郵便受けの中に、はさみを入れていた。
今は、入れていない。
共同生活を始めて、一日一回ポストを確認しに行くのもわたしの役目になった(先生の出勤日は、先生が帰りがけにチェックすることもある)。先生宛とわたし宛に仕分ける作業が要るようになって、ポストから出した郵便物を即座に開封する習慣がなくなったからだ。今は、自室に戻ってからゆっくり開けている。
上記の記事を書いてから一年半、われわれを取り巻く環境はずいぶん様変わりしてしまった。世界が可変的・流動的なものであるという真理は、かつてないほどの切迫感でもって広く認識されているように思う。今日あったものが明日もそのままとは限らない。職場は、学校は。将来設計は。
手紙のスピード感だけが変わらない。
封筒の中には、相変わらず過去しかない。今はもう豹変しているかもしれない景色の、真新しいお墓しか。

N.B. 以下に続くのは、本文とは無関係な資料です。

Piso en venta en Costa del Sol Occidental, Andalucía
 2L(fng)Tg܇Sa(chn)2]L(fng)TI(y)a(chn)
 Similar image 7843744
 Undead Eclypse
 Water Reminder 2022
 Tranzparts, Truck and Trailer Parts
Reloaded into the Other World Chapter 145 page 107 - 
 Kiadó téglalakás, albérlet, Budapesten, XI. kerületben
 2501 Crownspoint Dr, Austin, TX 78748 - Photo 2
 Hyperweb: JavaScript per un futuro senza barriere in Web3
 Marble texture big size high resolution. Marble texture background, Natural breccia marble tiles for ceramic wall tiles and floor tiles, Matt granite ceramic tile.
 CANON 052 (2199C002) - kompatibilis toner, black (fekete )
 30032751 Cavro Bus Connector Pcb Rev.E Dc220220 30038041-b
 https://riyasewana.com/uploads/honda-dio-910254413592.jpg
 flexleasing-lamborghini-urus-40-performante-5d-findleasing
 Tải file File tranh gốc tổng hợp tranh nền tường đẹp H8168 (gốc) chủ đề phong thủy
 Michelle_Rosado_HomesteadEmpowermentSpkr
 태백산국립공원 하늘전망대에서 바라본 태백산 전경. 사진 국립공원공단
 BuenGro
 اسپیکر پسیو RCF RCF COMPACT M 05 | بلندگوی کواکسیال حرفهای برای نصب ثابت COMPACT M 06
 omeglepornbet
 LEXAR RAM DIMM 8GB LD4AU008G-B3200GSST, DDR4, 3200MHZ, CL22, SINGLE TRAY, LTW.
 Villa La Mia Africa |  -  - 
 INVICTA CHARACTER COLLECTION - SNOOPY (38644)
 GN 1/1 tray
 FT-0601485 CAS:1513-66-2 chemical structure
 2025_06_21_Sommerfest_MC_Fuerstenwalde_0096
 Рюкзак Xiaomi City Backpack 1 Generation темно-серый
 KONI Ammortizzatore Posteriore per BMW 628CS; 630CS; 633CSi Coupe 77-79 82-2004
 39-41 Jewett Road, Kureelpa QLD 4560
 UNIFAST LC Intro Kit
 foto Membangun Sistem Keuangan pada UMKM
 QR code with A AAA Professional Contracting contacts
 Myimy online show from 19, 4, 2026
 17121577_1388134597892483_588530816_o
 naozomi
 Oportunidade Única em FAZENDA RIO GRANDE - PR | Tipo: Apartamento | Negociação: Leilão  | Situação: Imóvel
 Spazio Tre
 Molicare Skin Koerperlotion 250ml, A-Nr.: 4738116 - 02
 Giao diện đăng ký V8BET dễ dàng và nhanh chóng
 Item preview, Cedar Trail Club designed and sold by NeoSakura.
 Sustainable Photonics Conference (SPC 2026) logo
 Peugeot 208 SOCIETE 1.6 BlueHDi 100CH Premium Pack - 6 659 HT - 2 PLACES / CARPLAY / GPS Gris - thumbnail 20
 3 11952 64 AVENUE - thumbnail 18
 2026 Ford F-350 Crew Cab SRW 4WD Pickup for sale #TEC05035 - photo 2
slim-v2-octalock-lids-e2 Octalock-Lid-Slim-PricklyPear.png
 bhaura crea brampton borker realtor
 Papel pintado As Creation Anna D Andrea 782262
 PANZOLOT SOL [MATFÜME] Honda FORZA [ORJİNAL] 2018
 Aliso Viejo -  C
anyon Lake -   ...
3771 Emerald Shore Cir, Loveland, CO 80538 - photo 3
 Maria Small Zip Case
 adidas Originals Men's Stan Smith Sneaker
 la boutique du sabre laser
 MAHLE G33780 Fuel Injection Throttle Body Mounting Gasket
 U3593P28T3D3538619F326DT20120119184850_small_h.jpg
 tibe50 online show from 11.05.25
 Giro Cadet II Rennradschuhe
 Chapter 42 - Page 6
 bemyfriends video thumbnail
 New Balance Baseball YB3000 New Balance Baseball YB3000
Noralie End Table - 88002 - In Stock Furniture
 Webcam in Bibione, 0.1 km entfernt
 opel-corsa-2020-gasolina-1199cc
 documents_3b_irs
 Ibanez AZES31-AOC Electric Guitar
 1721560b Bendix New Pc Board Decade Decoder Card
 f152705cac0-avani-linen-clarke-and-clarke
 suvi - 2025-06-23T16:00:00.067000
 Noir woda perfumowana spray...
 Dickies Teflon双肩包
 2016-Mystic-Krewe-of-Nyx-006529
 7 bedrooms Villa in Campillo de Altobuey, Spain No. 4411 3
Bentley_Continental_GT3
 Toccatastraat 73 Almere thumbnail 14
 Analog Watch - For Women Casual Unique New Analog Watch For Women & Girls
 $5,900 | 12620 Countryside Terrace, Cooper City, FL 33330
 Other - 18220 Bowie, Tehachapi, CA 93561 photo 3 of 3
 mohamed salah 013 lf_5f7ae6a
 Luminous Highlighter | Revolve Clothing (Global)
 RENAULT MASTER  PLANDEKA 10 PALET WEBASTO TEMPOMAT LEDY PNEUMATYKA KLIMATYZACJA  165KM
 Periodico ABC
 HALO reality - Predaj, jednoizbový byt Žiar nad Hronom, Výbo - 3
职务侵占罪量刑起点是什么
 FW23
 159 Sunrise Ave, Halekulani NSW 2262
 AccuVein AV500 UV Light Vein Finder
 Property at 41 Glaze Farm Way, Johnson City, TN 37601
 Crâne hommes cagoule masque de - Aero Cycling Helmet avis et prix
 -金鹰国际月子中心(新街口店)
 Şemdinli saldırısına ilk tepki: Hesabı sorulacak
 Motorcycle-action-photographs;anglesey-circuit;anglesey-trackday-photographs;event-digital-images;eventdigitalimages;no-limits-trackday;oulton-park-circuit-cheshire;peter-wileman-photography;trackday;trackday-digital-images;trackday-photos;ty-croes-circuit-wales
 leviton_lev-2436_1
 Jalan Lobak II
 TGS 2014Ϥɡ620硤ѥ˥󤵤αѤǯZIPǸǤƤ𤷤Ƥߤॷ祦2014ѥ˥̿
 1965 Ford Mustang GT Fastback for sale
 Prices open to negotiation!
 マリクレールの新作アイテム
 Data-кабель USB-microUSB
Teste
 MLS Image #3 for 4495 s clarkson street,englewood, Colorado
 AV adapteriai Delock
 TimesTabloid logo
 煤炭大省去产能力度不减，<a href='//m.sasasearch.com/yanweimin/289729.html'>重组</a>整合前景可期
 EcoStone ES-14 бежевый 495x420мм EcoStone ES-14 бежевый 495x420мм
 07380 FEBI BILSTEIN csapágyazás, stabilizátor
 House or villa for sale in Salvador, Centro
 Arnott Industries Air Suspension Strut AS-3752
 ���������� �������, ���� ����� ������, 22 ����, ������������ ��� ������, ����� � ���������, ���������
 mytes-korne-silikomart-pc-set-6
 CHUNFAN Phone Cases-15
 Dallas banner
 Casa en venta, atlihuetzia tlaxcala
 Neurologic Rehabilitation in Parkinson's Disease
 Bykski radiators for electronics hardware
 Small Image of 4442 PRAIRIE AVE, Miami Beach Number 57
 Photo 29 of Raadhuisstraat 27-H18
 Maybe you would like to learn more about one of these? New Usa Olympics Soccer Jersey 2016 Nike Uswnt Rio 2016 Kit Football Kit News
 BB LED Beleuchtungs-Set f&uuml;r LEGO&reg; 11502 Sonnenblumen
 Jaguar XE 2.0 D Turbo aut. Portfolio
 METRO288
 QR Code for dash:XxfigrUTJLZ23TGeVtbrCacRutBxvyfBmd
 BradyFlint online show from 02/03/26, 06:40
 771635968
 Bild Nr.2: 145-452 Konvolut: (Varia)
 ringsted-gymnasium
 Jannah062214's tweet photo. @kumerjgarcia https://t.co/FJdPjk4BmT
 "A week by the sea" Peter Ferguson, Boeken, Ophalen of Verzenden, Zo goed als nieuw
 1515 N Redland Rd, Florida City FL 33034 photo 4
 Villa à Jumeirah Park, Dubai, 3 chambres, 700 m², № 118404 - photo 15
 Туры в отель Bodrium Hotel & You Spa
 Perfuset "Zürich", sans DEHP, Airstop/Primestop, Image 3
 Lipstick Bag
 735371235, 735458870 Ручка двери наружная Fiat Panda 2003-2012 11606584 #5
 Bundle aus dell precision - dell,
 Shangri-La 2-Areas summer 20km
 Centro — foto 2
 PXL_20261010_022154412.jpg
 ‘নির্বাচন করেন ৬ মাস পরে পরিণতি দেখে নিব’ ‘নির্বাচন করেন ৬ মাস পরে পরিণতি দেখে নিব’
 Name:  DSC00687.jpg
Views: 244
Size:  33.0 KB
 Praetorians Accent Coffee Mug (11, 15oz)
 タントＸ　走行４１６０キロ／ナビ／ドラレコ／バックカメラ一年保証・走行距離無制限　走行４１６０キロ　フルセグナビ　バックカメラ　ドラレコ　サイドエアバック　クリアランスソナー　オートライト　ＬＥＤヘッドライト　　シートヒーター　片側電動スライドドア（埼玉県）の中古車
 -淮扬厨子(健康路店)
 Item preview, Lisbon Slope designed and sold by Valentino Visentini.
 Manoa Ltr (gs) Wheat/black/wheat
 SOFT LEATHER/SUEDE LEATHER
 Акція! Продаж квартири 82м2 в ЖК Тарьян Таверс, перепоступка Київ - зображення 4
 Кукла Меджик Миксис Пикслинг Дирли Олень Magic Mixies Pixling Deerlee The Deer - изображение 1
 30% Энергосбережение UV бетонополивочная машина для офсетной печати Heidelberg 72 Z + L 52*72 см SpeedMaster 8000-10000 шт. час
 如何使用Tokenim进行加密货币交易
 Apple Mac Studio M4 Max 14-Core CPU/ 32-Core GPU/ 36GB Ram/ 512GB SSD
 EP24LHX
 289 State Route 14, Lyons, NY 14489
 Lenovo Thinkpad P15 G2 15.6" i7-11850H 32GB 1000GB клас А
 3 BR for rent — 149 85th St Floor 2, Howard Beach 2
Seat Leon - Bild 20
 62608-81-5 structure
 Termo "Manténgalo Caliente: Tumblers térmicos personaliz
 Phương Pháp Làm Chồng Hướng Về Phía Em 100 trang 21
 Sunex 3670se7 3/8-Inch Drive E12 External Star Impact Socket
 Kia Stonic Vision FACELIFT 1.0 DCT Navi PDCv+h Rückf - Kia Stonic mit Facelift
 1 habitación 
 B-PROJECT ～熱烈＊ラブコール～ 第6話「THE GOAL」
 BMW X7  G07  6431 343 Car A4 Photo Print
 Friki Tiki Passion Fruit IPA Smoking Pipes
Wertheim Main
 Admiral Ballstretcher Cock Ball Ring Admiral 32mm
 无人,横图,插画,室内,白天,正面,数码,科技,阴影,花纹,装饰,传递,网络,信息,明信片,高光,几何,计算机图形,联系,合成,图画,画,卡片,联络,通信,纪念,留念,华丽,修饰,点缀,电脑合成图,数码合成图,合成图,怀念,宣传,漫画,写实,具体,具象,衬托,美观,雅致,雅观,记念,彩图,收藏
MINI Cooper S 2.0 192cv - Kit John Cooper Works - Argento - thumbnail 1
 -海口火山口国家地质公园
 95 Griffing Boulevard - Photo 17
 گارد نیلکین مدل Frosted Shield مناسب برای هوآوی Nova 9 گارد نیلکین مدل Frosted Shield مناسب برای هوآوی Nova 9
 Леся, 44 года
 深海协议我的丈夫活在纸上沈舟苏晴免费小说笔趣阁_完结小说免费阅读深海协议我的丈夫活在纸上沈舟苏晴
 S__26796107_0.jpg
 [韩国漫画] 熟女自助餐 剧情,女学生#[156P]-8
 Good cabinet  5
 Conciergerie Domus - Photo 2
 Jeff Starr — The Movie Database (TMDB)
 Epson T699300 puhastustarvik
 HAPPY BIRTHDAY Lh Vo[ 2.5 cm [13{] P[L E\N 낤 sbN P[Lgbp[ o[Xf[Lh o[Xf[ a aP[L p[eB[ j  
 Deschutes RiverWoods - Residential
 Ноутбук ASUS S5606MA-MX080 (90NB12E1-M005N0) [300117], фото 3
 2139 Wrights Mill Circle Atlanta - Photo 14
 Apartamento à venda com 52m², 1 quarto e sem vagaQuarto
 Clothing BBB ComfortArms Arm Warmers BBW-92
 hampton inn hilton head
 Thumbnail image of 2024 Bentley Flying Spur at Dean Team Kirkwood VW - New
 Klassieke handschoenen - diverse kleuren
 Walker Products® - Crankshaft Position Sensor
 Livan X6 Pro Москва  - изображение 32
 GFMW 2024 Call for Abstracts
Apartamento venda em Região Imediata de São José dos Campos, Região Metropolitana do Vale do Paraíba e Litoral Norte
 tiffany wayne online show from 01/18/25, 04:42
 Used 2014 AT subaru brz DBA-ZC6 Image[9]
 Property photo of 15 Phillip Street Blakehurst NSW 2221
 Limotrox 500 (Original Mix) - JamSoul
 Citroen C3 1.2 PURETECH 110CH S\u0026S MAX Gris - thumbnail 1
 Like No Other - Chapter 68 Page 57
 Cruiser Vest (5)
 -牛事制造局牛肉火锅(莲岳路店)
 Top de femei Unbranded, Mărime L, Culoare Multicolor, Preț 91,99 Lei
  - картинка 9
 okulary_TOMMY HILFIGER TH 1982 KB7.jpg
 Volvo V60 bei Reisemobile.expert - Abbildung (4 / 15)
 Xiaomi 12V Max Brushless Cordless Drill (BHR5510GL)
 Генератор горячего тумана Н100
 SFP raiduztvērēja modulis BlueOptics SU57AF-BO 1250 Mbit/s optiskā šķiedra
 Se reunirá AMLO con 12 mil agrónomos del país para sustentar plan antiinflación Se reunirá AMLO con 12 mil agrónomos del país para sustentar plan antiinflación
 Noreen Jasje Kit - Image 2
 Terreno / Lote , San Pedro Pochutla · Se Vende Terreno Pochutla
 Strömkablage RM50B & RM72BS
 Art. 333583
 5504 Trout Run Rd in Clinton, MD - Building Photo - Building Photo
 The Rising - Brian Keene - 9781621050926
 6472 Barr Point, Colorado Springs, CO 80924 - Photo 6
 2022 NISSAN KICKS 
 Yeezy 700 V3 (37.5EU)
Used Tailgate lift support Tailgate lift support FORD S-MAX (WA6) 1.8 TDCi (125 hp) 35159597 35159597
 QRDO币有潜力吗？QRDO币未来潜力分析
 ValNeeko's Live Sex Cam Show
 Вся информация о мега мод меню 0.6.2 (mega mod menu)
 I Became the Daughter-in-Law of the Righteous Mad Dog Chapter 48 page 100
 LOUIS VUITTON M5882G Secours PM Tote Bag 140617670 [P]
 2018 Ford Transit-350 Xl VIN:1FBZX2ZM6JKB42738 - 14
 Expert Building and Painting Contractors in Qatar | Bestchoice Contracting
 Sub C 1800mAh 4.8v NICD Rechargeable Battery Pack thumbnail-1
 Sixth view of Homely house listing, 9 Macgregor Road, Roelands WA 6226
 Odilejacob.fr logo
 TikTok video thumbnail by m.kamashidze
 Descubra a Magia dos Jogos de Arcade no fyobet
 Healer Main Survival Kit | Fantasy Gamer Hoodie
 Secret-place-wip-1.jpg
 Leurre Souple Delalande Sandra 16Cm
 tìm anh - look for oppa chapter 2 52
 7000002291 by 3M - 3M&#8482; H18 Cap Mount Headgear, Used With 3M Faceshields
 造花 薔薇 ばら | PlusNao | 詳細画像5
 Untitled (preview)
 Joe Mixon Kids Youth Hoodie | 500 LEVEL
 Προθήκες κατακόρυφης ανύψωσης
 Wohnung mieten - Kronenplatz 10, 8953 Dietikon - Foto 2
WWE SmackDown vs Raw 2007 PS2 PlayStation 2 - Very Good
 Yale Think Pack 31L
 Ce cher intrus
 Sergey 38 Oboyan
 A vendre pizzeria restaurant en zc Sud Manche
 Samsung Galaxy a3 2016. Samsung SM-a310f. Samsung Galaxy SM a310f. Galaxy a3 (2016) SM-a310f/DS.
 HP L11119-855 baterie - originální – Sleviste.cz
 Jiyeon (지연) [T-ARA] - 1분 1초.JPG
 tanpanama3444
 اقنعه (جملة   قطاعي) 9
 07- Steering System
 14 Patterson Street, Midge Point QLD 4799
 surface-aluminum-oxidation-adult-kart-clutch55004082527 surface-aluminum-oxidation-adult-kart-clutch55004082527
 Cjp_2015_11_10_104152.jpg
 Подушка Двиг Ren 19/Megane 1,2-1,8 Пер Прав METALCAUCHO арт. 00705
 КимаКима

過去の言葉を授受することで、大いなる時の流れを狂わせること。あなたとわたしの二人っきりで、変わりゆく世界に反逆すること。世界にバグを作ること。手紙の本質はいまも健在だ。
ぜんぶ、あまりにも夢見がちな解釈で、幻想だけれど。
幻想だけれど。夢物語だけれど。必要でも火急でもないものの尊さを、わたしたちはもう知っている。